1

I am trying to optimize my simulator by leveraging run-time compilation. My code is pretty long and complex, but I identified a specific __device__ function whose performances can be strongly improved by removing all global memory accesses.

Does CUDA allow the dynamic compilation and linking of a single __device__ function (not a __global__), in order to "override" an existing function?

  • I agree with the answer by @talonmies. Replacing a function that is already compiled and linked into an object is not possible, I don't think. However I think it should be possible to load a device-compiled kernel at runtime which has a call to a `__device__` function, and then choose and compile and link at runtime the specific device function you will use for that call. – Robert Crovella Aug 09 '16 at 19:41
  • Unfortunately, I cannot choose a specific function, because the code of the function would be generated according to the model to be simulated. That is, loading different models implies different equations to be evaluated in the `__device__` function. This is why I could use the JIT compilation provided by NVRTC. – Marco S. Nobile Aug 09 '16 at 19:49
  • 1
    You could choose the function after the model is loaded and you know which function you want to use ( or which function you have just generated). – Robert Crovella Aug 09 '16 at 19:52
  • @MarcoS.Nobile are you writing the rest of the kernel yourself or are you using a library? – Pavan Yalamanchili Aug 10 '16 at 19:56
  • @PavanYalamanchili: Besides the CURAND library for RNG, the whole kernel is written by me.

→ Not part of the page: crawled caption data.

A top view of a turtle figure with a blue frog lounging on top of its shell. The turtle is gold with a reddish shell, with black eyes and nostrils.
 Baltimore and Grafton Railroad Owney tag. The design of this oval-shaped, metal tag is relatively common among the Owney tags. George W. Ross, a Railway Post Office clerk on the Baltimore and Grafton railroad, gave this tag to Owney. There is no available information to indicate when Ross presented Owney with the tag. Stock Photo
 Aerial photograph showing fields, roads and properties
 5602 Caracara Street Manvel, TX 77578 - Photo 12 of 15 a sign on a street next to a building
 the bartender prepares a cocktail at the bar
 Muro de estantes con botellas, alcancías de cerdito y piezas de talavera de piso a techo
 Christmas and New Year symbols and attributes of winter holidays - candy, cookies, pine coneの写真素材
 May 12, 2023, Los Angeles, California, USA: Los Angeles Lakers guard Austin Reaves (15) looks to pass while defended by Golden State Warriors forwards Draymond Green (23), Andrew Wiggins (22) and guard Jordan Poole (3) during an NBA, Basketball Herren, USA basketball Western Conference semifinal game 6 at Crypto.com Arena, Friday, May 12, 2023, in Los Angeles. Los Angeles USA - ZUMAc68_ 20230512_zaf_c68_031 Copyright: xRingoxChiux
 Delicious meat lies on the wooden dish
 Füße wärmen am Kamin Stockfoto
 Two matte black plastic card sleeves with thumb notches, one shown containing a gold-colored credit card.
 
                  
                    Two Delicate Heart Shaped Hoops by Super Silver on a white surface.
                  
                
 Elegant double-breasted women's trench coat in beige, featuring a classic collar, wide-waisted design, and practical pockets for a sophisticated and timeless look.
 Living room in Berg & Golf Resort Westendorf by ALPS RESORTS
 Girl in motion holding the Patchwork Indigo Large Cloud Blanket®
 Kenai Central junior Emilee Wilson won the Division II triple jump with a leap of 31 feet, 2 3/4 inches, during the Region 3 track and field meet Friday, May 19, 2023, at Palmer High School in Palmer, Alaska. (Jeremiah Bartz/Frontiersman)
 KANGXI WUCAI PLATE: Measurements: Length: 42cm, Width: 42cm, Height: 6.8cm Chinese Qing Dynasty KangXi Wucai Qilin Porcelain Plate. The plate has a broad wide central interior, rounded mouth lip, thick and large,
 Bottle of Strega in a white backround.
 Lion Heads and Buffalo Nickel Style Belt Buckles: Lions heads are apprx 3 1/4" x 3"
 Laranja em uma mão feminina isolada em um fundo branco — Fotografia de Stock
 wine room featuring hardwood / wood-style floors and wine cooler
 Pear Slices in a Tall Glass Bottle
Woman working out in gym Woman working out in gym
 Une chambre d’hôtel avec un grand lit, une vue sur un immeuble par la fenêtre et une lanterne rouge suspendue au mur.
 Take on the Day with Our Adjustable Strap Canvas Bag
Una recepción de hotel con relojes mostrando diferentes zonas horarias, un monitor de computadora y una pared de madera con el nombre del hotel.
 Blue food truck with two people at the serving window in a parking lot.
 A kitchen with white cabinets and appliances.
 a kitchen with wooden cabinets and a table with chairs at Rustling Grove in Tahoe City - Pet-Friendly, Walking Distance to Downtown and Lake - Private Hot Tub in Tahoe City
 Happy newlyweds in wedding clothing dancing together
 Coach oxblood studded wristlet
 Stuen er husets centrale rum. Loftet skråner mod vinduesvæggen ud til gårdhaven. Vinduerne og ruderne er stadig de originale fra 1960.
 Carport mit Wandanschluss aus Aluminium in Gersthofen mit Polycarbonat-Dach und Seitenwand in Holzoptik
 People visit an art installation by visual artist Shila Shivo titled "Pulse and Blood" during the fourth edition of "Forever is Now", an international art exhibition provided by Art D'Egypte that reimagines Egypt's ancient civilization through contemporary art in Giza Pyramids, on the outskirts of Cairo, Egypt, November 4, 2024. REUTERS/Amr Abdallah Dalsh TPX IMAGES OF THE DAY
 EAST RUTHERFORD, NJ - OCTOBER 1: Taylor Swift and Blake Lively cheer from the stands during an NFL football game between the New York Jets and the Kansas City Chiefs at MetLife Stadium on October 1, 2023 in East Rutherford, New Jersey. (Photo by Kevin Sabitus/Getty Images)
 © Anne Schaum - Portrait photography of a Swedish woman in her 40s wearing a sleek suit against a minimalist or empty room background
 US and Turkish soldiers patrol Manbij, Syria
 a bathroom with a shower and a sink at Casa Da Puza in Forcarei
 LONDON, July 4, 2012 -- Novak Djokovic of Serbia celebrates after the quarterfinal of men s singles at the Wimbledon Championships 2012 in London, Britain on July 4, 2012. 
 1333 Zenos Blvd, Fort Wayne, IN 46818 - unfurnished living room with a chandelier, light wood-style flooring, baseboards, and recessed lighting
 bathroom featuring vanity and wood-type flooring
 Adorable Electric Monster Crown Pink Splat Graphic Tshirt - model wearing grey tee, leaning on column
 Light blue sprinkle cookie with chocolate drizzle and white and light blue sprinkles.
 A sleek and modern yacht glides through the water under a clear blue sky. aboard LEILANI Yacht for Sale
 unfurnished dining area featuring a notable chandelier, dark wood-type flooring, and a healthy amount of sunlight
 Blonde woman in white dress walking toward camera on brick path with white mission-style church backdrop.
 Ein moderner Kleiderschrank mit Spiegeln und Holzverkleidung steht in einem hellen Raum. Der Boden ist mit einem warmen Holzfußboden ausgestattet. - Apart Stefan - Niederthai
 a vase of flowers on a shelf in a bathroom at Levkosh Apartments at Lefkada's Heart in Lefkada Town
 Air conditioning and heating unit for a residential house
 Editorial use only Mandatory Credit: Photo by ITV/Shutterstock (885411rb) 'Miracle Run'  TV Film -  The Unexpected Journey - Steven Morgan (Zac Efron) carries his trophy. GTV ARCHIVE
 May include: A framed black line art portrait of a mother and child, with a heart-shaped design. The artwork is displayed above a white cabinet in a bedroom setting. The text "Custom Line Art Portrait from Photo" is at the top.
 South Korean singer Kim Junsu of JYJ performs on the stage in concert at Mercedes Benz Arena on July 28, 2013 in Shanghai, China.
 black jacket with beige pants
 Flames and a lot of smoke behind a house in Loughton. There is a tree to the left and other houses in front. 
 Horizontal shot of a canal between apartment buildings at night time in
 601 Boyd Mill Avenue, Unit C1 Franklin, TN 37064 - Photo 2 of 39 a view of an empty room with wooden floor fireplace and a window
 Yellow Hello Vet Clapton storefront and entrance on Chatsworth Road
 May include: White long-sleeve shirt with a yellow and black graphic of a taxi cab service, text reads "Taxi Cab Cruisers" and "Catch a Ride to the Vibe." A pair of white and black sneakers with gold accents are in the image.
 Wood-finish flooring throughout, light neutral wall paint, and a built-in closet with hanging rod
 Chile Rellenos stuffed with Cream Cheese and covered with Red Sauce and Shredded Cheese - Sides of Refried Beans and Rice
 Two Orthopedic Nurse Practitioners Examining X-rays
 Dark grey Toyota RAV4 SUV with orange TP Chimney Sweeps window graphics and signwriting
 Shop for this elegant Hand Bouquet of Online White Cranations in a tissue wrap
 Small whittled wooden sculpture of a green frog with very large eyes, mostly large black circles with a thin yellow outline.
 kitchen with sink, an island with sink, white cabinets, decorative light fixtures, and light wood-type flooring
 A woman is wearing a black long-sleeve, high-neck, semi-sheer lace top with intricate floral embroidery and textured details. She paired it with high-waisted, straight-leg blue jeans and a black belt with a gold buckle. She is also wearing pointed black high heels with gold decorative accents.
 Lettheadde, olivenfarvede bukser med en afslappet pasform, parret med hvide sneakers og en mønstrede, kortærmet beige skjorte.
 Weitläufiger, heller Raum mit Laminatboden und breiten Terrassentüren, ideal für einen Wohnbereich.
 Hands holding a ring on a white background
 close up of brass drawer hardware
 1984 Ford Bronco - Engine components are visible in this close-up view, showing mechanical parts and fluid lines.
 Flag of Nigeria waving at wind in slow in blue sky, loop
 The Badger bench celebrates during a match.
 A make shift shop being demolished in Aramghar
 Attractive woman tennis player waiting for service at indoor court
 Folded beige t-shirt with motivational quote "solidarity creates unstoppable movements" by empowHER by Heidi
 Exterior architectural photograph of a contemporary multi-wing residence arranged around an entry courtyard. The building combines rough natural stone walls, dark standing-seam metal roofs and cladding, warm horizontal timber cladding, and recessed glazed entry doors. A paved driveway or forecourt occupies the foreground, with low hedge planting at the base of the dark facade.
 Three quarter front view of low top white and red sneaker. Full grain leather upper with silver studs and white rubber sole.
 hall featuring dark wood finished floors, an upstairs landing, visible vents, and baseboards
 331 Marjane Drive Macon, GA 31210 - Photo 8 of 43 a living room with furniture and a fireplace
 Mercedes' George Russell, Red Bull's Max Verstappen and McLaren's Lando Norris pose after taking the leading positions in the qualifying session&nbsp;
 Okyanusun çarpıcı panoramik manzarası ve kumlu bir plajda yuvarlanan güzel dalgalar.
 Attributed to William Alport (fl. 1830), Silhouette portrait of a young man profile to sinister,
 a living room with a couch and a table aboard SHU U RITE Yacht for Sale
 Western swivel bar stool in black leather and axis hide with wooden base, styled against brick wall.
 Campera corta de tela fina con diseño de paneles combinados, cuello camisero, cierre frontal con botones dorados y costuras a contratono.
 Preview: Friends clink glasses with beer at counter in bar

No external libraries of any kind. – Marco S. Nobile Aug 11 '16 at 17:49

2 Answers2

2

I am pretty sure the really short answer is no.

Although CUDA has dynamic/JIT device linker support, it is important to remember that the linkage process itself is still static.

So you can't delay load a particular function in an existing compiled GPU payload at runtime as you can in a conventional dynamic link loading environment. And the linker still requires that a single instance of all code objects and symbols be present at link time, whether that is a priori or at runtime. So you would be free to JIT link together precompiled objects with different versions of the same code, as long as a single instance of everything is present when the session is finalised and the code is loaded into the context. But that is as far as you can go.

talonmies
  • 70,661
  • 34
  • 192
  • 269
  • Thank you for your kind answer. Just to be sure, would you be so kind to analyze this simple example that I found online? https://groups.google.com/forum/#!topic/thrust-users/GGWw_uHPfGs It should be the JIT compilation, linking and override of a device functor passed to thrust – Marco S. Nobile Aug 09 '16 at 19:52
  • 1
    I was assuming that when you said "Does CUDA allow..." that you were talking about part of the defined/published functionality. The example you've now linked uses unpublished features in a way that may or may not be supported in the future. If you want to build your software on that, it may work, but it may also break. And if you go looking for documentation about how to do it, you won't find it. The process of replacing a linked function with another linked function at runtime that way is also essentially orthogonal to nvRTC. – Robert Crovella Aug 09 '16 at 23:12
  • Ok, got it. I will pursue a different approach (probably by recompiling the whole binary on every model change). I still think this functionality would be cool, btw :) Thank you for your clarification! – Marco S. Nobile Aug 10 '16 at 05:10
0

It looks like you have a "main" kernel with a part that is "switchable" at run time.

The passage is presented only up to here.